Guy Antony Halse G.halse at ru.ac.za
Fri Jan 25 14:33:39 UTC 2013


Hi

On Fri 2013-01-25 (15:19), Badru Ntege wrote:
>    How about we focus on just the acadmical infrastructure and if we want
>    to go the the BYOD (bring your own device) just offer this to one
>    device which will hopefully be the laptop or tablet device.

The BYOD is *part* of the academic infrastructure.

My wife is an academic; she teaches undergraduate students.  

As a deliberate decision, based on the availability of connectivity in
lecture venues, she actively encourages her students to bring their
wireless-enabled phone/tablet/laptop (photabtops?) to her lectures.  She
then uses the availability of such devices to her pedagogical advantage.
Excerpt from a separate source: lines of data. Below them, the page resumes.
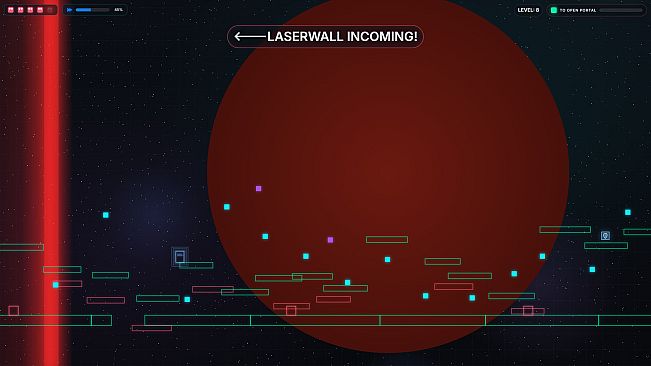 POLLUX - Space Runner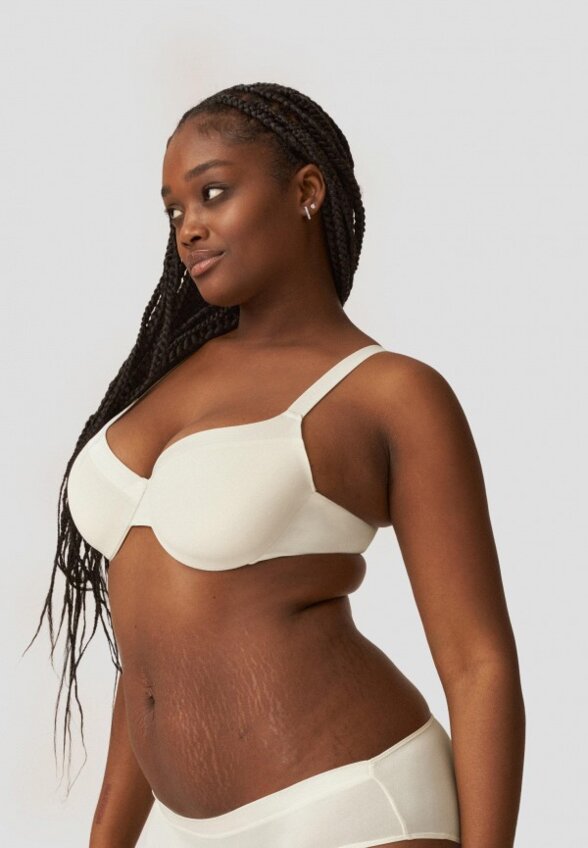 Бюстгальтер Naturana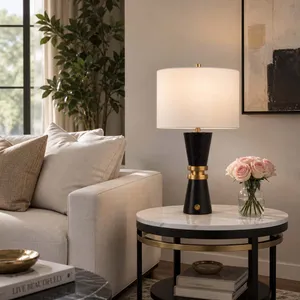 DESMONDWICK BLACK LAMP 27 (IN) 10
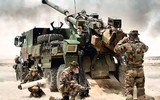 Pháo tự hành Caesar 'đặc biệt' được Ukraine sử dụng làm 'mồi nhử'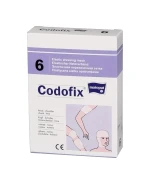 Matopat Codofix 6, elastyczna siatka opatrunkowa, niejałowa, 6 cm x 1 m, 1 sztuka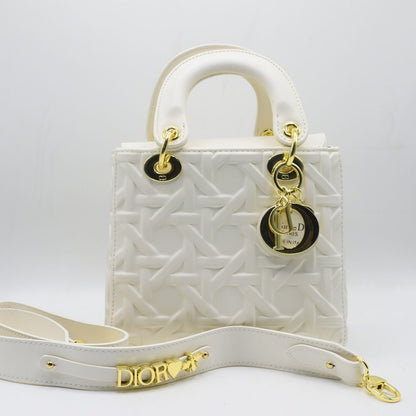 Dior LADY White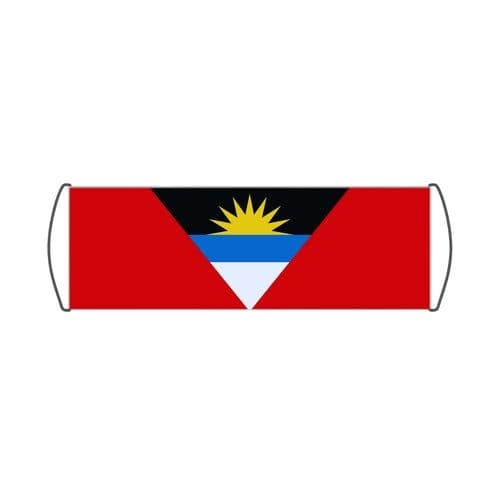 image-Bannière de défilement Drapeau d'Antigua-et-Barbuda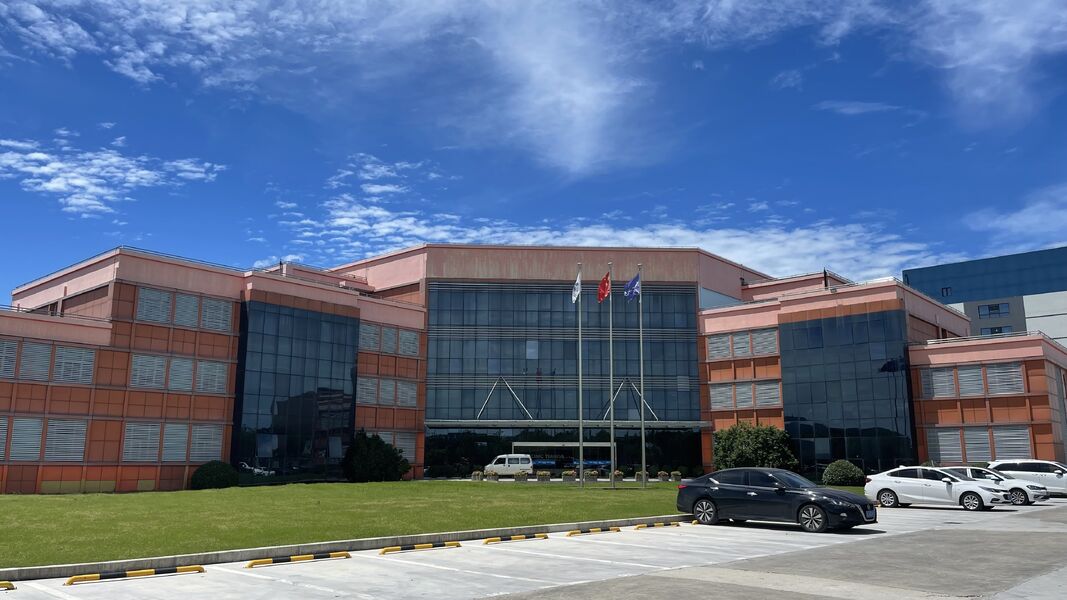 Shanghai Jindun special vehicle Equipment Co., Ltd ligne de production en usine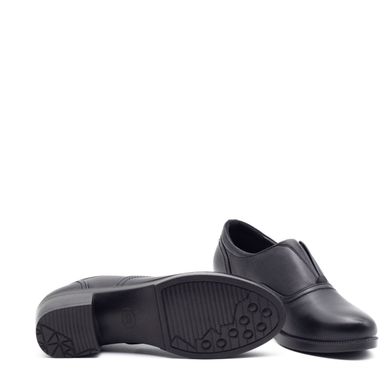 Туфлі BADEN DX015-060 Чорний, 36, 23 см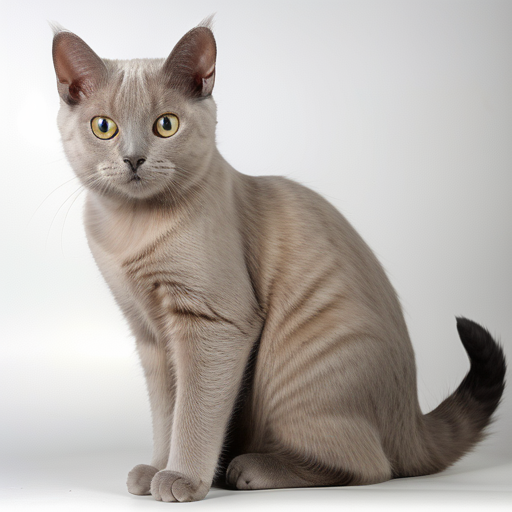 australian mist cat breed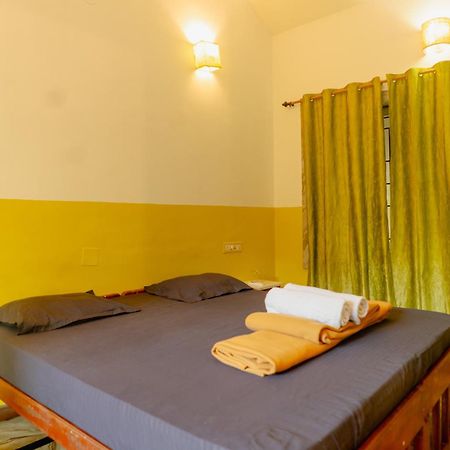 Hostel Jungle By Sturmfrei Vagator Zewnętrze zdjęcie
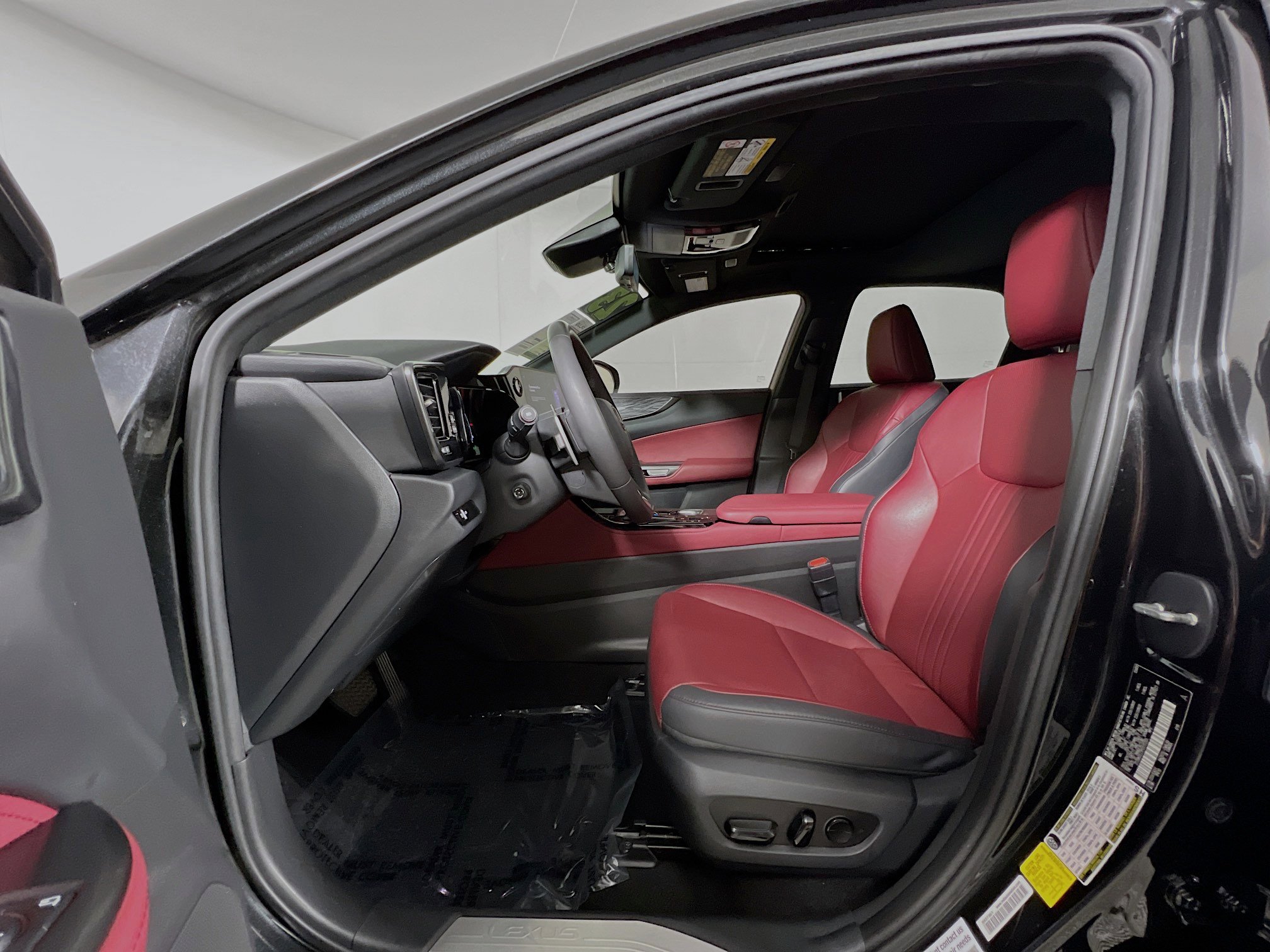 Used 2023 Lexus NX 350h AWD image 15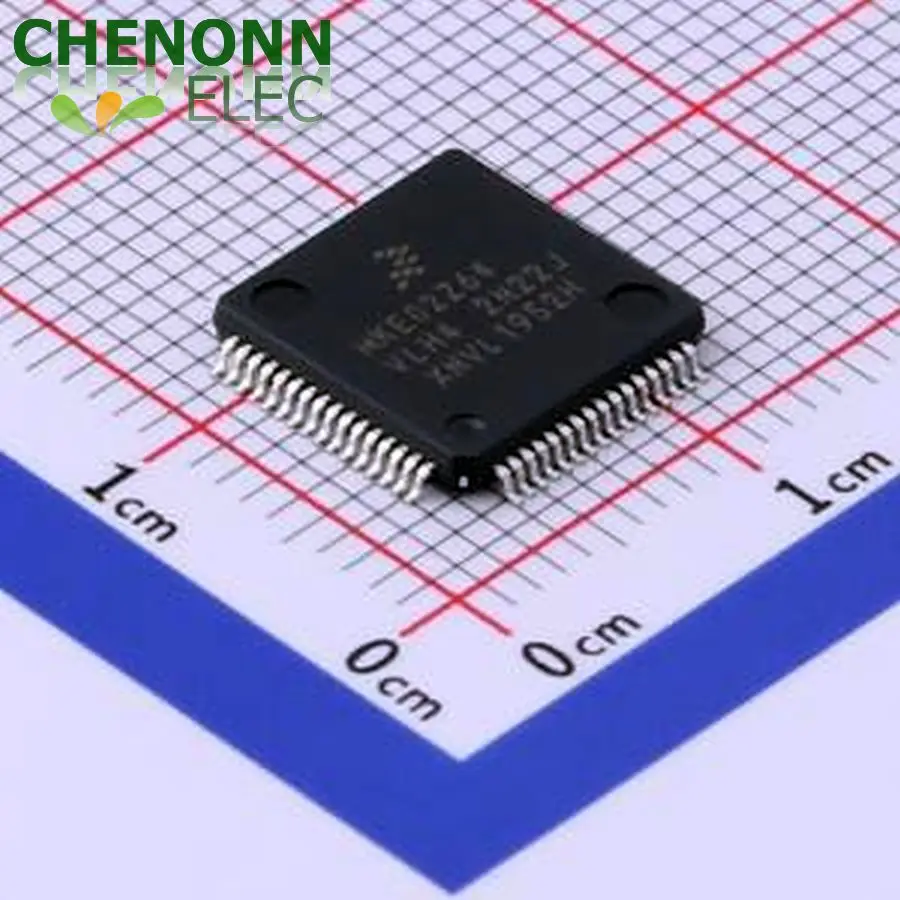 5PCS/LOT MKE02Z64VLH4 (Microcontrollers)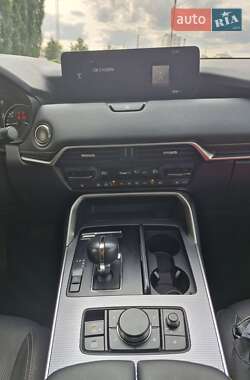 Внедорожник / Кроссовер Mazda CX-90 2023 в 
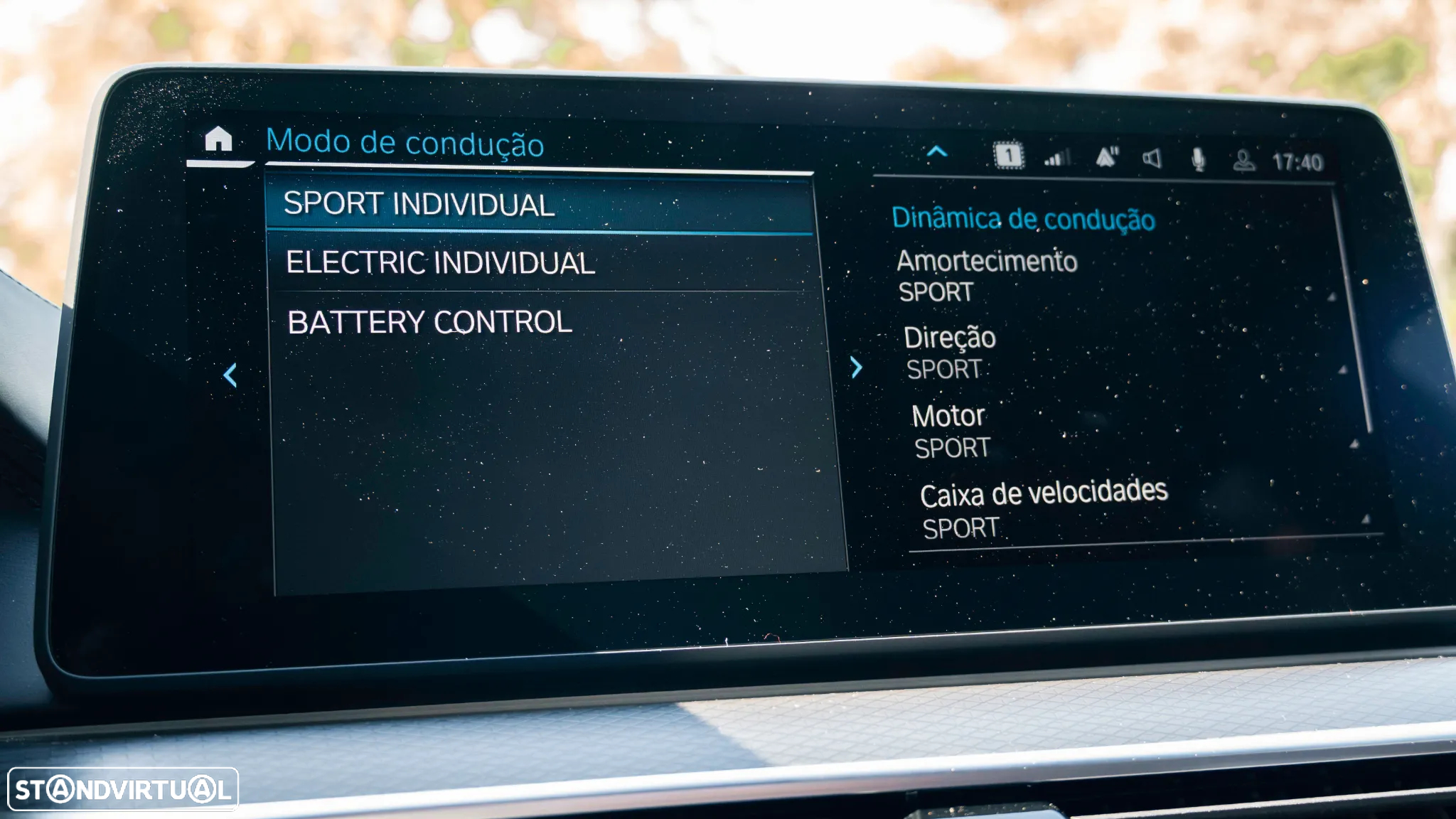 BMW 530 e Pack M - 49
I, on the other hand, work in the service division tasked with providing
this infrastructure.  We're under tremendous pressure to increase our
wireless coverage, and to support as many student devices as we possibly
can.  And this pressure isn't coming from the students; it is coming from
the academic staff who, like my wife, have discovered that the BYOD
revolution has real advantages when it comes to presenting course material.

As of this year we now consider student photabtops such a critical part of
teaching and learning that we've incorporated the costs of providing student
connectivity into our tuition fees; we no longer levy any additional charges
for network or Internet access.  This decision was passed unanimously by our
Senate, and driven by the Registrar himself through our budget committees.

Using our own infrastructure allows us to offer access to course material to
student photabtops at no additional cost; forcing students to use the
cellular networks would add cost.  This is an important consideration given
South African higher education's current (governmental) mandate to reduce the
number of "hidden" costs in attending a university.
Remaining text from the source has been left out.